We also tested, and removing the filter effects also had huge impact, so I'll keep this in mind, but also these contents are made by our customers, so we can either remove the full functionality from our software, or just warn them to not use too many of them, but in the latter case the user can still make a screen full of 8px sized text blurred, shadowed spinning zooming and moving if they want, and it will fry their device (this was an actual test page I made for stress tests :P).

 

Please remember that these contents are auto generated in our system, so there are some restrictions and limits in the coding practise, some of them are because many contents exist with legacy code.
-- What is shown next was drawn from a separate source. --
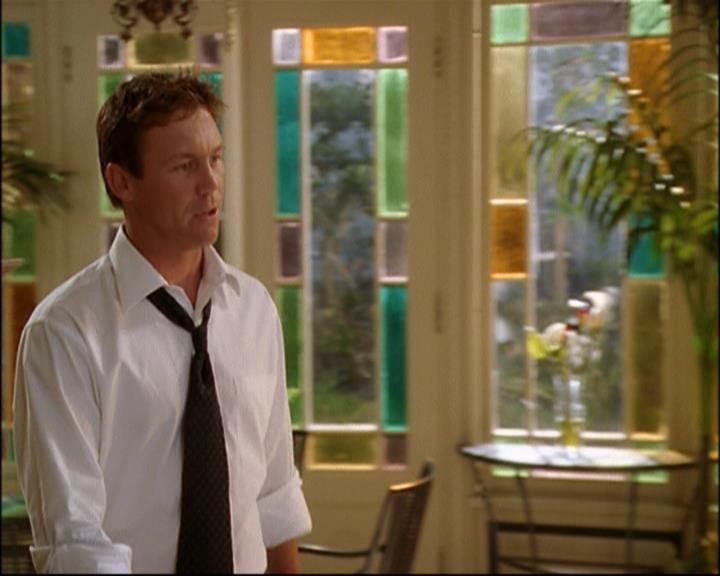 Charmed-Online_dot_net-8x01StillCharmedAndKicking1613.jpg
I'm well aware that techniques like adding the shadow to the elements as an image instead of pure CSS is much easier to render for the browser, as Jack suggested, but these are improvements that are simple and convinient only for regular websites' static content like logos, but In my case I would have to find a solution that makes it for dynamic contents, every time a user makes a content in our system, then run it to generate images, store them etc, so it is complicated and resource-hungry (at the generation).

 

Jack, the markup you copied only appears so in the debugging tool of the browser, in the page's source it appears like this: data-styleobject="{"left":"1318px","top":"90px","width":"350px","height":"350px","opacity":"0"}" so it doesn't cause any problems :). This is the result of making a javascript object a string by JSON.stringify and setting it as an attribute of the element.